- Developer(s): Invention
- Publisher(s): Riki Computer Games
- Platform(s): MS-DOS
- Release: 1996
- Genre(s): Adventure

= Mutation of J.B. =

1996 video game

Mutation of J.B. (in Slovak: Mutácia Johnyho Burgera) is a 1996 point-and-click adventure game by Slovak developer Invention. It was released for MS-DOS by Riki Computer Games in Slovakia, by Vochozka Trading (now 2K Czech) in the Czech Republic and by Neo Software in the German speaking countries.

==Plot==
The player controls Johnny Burger, who plans to visit his cousin Emanuel for two weeks. A scientist offers him money to be part of an experiment. The experiment goes wrong, the scientist disappears, Johnny gets turned into a human pig, and he is kidnapped to the Planet Ladea. He must return things to how they were and find out what happened to Emanuel.

== Development ==
This was the very first Slovak video game on CD which also included Slovak voice acting. Voice actors included were Jozef Pročko, Ladislav Kocan, and Riki magazine's editor-in-chief Ivo Ninja. It is also the first Slovak commercial point & click adventure.

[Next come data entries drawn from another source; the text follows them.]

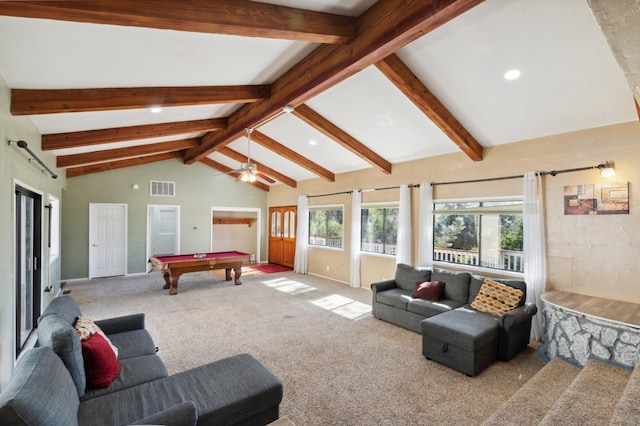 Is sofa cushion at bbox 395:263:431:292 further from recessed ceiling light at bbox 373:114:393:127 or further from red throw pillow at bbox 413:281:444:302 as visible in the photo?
Answer: recessed ceiling light at bbox 373:114:393:127

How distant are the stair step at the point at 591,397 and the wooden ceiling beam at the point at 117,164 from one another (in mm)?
9232

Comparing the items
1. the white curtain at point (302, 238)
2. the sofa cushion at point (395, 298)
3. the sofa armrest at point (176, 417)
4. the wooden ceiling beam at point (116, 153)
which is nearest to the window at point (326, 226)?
the white curtain at point (302, 238)

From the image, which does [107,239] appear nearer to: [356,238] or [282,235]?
[282,235]

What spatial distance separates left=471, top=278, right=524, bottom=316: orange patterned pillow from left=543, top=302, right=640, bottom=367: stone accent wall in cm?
34

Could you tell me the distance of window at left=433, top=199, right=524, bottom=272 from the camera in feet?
15.1

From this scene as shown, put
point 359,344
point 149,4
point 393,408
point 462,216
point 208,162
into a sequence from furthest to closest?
1. point 208,162
2. point 462,216
3. point 359,344
4. point 393,408
5. point 149,4

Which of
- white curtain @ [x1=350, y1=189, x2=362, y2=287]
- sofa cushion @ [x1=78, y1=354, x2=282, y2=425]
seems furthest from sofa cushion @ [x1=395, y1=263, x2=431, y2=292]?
sofa cushion @ [x1=78, y1=354, x2=282, y2=425]

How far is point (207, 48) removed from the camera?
290 centimetres

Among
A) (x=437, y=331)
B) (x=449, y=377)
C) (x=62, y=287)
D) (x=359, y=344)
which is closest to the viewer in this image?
(x=449, y=377)

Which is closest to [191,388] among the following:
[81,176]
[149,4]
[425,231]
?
[149,4]

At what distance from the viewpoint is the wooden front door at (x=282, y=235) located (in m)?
9.69

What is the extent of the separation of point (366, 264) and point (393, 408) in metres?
4.43

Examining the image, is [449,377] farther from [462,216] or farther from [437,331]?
[462,216]

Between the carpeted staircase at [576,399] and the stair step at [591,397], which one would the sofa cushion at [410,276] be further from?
the stair step at [591,397] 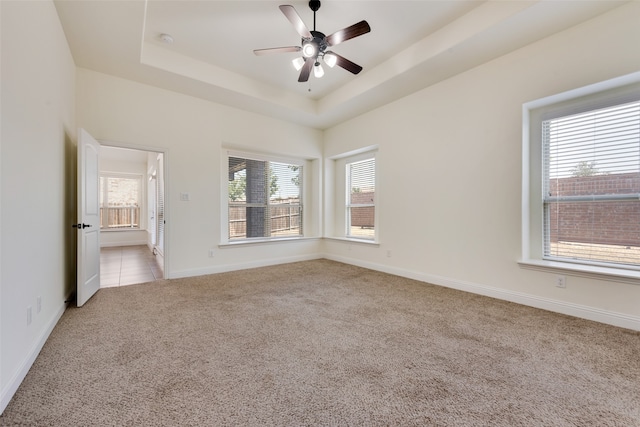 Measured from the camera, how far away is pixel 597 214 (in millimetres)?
2643

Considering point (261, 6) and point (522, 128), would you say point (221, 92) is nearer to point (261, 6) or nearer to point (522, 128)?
point (261, 6)

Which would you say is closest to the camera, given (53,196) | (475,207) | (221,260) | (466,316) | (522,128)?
(53,196)

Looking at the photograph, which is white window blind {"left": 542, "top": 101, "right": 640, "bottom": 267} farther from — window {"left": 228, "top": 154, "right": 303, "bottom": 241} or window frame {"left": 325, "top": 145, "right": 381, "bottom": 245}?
window {"left": 228, "top": 154, "right": 303, "bottom": 241}

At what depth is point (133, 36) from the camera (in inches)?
110

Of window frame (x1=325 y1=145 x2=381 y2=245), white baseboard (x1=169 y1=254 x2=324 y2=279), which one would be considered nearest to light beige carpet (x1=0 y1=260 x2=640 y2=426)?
white baseboard (x1=169 y1=254 x2=324 y2=279)

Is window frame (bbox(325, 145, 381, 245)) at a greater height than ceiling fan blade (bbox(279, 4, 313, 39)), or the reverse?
ceiling fan blade (bbox(279, 4, 313, 39))

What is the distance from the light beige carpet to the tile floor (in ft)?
3.59

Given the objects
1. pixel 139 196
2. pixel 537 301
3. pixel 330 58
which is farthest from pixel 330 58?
pixel 139 196

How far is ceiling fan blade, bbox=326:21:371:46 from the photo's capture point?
2.38m

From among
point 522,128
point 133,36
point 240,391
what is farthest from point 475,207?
point 133,36

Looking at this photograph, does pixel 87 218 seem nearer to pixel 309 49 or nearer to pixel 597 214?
pixel 309 49

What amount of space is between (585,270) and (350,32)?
3110 mm

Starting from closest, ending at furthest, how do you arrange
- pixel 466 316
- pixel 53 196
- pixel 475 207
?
pixel 53 196 < pixel 466 316 < pixel 475 207

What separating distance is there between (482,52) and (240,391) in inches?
153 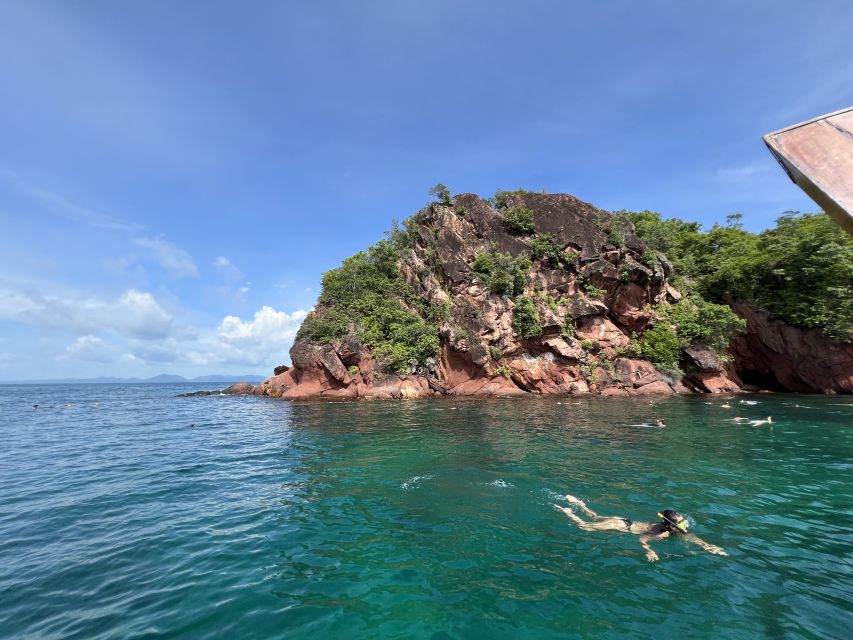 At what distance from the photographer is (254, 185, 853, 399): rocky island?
35375mm

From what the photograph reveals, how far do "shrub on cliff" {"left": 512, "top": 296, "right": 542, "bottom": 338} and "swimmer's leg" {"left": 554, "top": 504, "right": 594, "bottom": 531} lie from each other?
92.1 ft

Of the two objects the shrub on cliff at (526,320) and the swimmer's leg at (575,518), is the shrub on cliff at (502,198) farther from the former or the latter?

The publishers actively tried to push against the rampant piracy by publishing the title directly into the Slovak language without subtitles. The Austrian publisher NEO included German language with subtitles and insisted that the games' music must be uploaded directly to them in the studio in Vienna.

==Reception==
Adventure-archiv praised the puzzles and story for being highly original. Gamesite.sk editor listed the title as the fifth best game of all time.